To the Erikson Institute Family:
It was with both sadness and happy memories of Lorraine that I learned of Lorraine’s passing.
I had the distinct honor to serve on Erikson’s Board of Trustees (including serving as Chair) when Lorraine was still an active and extra ordinarily positive member of the faculty and administration. Her contribution to Erikson and the cause of early childhood development and education will benefit children and the world for time eternal.
Perry L. Taylor, Jr.
I think of Lorraine every time I hyphenate a compound adjective. If you love words and writing, you’ll understand how satisfying it was to learn this skill from Lorraine’s written comment on one of my Play papers.
From Lorraine, I also learned that play is a topic worthy of study and research. It’s a young child’s primary pathway to learning. I have never forgotten what Lorraine taught, or her generosity in sharing what she knew.
Sally Nurss, M.Ed. ’83
Wherever you are now, please know how much you were loved and appreciated. I was one of your supervisees the year that you were acting president of Erikson. You must have been very busy but for that one hour a week you gave me your undivided wisdom, humor, and experience. I learned about reflective supervision before I ever heard the term. Your manner helped to integrate the Erikson experience, which was so intimate back in the Hyde Park Bank Building. In addition, the internship you found for me at Billings Hospital where I was able to work on a research project with high-risk infants and high-risk mothers was a gift. When it was time for me to graduate you led me to a job at Virginia Frank, which once again helped me to integrate and put into action all that I learned from you and the Erikson experience. So you were there for me every step of the way. When I decided to go back to get an MSW you told me I wouldn’t like the program. I think you would be very pleased about the MSW program and would have worked hard to get the program off the ground. You once told me that you so enjoy spending time with other people’s mothers because you never had one. How then did you know so well how to take care of others? You helped to start so many programs that have gone on to touch so many lives.

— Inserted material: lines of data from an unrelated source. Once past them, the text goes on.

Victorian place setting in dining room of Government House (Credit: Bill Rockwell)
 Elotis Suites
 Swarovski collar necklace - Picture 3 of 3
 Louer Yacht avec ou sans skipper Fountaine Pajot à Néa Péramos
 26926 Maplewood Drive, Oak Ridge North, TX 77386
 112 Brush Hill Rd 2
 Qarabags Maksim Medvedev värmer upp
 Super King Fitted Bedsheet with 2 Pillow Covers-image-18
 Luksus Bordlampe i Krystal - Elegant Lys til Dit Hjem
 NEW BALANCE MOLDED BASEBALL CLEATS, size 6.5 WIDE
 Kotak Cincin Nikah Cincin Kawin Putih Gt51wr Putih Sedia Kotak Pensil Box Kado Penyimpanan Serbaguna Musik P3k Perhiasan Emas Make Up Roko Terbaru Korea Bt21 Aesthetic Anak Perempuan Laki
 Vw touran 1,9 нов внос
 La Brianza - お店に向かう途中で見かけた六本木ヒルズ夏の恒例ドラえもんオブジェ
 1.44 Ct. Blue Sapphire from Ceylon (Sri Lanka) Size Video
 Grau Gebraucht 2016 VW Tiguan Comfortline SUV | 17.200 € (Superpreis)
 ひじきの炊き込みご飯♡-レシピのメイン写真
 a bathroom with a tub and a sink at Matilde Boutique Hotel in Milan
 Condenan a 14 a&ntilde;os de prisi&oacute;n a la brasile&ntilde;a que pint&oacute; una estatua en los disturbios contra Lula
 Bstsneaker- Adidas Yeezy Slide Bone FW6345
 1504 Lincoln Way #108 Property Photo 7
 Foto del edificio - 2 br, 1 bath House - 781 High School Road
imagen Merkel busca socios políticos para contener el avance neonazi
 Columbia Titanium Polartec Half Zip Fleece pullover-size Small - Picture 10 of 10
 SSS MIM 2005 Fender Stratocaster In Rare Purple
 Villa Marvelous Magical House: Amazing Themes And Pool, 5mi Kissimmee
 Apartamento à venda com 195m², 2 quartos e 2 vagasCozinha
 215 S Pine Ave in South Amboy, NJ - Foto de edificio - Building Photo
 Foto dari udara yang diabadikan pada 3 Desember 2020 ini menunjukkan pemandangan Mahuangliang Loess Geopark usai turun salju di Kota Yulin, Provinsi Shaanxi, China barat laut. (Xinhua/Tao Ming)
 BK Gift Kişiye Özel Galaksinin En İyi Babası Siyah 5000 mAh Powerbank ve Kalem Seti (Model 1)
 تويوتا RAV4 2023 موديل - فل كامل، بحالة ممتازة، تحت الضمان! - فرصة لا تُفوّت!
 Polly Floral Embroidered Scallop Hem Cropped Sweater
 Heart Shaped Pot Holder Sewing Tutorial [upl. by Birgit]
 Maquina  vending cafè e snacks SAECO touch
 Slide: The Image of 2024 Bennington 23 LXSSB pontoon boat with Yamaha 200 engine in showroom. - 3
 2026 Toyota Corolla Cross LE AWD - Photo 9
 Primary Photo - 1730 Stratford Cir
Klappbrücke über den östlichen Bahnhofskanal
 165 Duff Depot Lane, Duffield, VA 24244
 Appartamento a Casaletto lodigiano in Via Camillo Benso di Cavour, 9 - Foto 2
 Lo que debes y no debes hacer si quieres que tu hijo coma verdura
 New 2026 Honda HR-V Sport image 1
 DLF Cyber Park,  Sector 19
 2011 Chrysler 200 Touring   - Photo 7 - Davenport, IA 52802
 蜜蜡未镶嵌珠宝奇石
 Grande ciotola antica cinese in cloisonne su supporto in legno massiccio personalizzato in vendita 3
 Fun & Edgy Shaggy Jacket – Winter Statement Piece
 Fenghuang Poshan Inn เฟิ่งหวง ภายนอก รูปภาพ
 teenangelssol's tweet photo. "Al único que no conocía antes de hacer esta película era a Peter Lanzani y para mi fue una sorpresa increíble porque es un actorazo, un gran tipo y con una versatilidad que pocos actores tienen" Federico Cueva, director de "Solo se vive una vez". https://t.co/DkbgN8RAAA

You will be missed and thought of often,
Laura Schriesheim, M.Ed. ’81
I’m from the graduating class of 1977 and my memories of Lorraine Wallach are ones of extreme warmth. She had a real passion for teaching and delighted in our ability to grow in our knowledge and understanding of infant and child development. I have one special memory of something Lorraine said to me shortly after we had written our exams. As she passed by she turned to me and said, “You wrote an excellent comprehensive exam.” Coming from Lorraine that remark meant everything. I was very sad when I read about her death and I will always remember her. She was a consumate role model in her passion for teaching Erikson students.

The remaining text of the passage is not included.